Description
You’re an eight year-old girl. The purity culture of your evangelical church, ruled by men but policed by women, has you worried that the spaghetti straps on your summer top might be sinful. You learn from the women around you how to defer, serve, please, keep your voice girl-like forever, and use it to both signal obedience but also piously request relief from sexual aggression.
You’re a seven year-old boy. The holy laws of gender in your church dictate that when you’re the only male present at Bible study, you must lead the room full of women in reading and prayer. You must perform manliness in your boy’s body, assuming an anxious leadership role you did not earn. If you don’t puff yourself up, you’re a sissy—one of the girls alongside you learning the tones of the Fundie Baby Voice.

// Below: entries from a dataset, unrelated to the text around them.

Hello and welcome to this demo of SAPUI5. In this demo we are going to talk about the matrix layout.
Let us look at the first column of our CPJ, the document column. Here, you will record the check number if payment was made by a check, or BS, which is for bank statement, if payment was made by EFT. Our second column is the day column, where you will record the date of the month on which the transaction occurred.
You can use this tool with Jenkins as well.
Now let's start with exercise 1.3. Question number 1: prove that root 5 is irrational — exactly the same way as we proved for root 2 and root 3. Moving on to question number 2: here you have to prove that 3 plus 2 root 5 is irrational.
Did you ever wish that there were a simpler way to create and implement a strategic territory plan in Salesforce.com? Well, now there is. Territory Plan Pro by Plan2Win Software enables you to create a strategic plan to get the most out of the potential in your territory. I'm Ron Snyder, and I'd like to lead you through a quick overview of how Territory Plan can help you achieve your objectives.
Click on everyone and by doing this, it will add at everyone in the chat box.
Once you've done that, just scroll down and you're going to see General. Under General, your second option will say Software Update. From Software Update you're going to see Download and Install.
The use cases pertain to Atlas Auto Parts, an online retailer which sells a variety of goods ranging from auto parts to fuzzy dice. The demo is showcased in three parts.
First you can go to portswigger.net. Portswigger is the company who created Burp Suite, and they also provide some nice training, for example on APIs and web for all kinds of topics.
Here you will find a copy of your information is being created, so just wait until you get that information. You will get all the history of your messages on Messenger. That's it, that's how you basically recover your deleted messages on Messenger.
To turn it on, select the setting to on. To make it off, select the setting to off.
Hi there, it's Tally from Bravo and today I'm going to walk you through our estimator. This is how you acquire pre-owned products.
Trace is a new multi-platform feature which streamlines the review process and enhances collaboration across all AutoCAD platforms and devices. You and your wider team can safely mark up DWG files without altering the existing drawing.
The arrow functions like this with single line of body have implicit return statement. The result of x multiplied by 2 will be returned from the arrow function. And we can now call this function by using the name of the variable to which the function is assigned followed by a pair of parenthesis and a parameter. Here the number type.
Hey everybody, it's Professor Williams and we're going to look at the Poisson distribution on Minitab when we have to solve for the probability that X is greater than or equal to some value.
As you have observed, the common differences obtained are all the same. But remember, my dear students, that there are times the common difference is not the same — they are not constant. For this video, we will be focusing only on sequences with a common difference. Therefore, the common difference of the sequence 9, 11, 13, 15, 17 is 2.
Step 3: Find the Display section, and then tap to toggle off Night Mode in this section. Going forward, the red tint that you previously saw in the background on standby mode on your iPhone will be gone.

These are parts of the stories of Julia Postema and Jeremiah Gibson, the co-hosts of the podcast Sexvangelicals: The Sex Education the Church Didn't Want You to Have. They are Boston-based licensed psychotherapists and certified sex therapists. They specialize in helping couples with negative religious backgrounds discover sexuality that works for their partnership. Julian and I sat down with them to learn about how their clients recover from purity culture, and sometimes in the process run smack into its mirror world: the tantric workshop land of divine masculine and feminine stereotypes plus fascinations with semen retention.